Among so many Japanese dishes that have debuted worldwide, Sushi is perhaps the most typical. You know Tempura, of course, but it's a Portuguese dish to begin with. So, Sushi is authentically Japanese just as Sumo is. Why Sushi and Sumo? Well friends, they have a lot in common, and here's why.

You visit the Kokugikan for a Sumo Tourney to watch what? Sumo, naturally, extra-sized musclemen banging at one another. They are all men, no a sight of women in the ring. So what? Hold it; hold it till I tell you why.

Go visit a sushi-bar of your choice.

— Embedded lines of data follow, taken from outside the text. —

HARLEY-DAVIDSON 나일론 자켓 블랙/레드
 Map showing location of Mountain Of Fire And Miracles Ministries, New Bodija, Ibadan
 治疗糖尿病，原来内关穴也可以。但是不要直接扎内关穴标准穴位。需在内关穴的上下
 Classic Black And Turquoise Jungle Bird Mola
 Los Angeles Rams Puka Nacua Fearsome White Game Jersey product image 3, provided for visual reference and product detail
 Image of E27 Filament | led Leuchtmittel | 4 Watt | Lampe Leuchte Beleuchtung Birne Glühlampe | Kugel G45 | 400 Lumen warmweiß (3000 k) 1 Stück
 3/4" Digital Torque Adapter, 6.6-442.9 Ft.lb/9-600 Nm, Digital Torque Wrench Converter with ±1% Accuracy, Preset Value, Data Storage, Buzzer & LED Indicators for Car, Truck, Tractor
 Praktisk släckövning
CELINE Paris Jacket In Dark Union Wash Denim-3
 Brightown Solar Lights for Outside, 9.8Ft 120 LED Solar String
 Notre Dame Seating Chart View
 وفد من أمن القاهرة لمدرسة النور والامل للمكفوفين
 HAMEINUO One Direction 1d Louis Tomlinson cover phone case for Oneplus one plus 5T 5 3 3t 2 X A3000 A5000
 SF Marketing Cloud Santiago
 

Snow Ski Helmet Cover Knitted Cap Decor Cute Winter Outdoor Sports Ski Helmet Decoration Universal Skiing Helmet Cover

Not one of those rotary kinds, but a decent sushi-bar with sushi chefs serving you across the counter. Yes, that's it. That's the kind I'm talking about. Well, what do you see across the counter? Sushi chefs, naturally, those clean-shaven, crisply-cut hair, talkative men. Men, right? See any women across the counter? No, oh no, never women. Right, no sight of women serving you across the counter. That's the way a sushi-bar should be - that's "been" a commonsense.

But, now, my friends, don't be too sure. Things do change and now we've got a sushi-bar run by a woman, not bookkeeping and management alone but "doing all that " across the counter: cooking rice the sushi way, slicing fish the sushi way, shaping rice the sushi way, and serving you the sushi-bar way. Yes, that's a change, an extraordinary change in the culture of Sushi.

A Yuki Chidui, a soft-spoken young woman of 28, pioneered five years ago her all-women sushi-bar "Nadeshico-Sushi" in the heart of Tokyo. Her assistant, a former tour-bus guide stands by Yuki wearing "manga" buttons on her outfit. Yuki had endured insults and dubious questioning of her abilities; male customers would ask into her face, "Can you really all that?"

Yes, Yuki Chidui certain can. While the professional Sumo ring is still too sacred for women, quite a few women routinely participate in amateur sumo tourneys. Likewise, sushi-making is no longer male monopoly. As Sachiko Goto, principal of Tokyo Sushi Academy, puts it, "More women are accepted as sushi chefs, more so abroad than in Japan." Well, things do change, and so fast, too.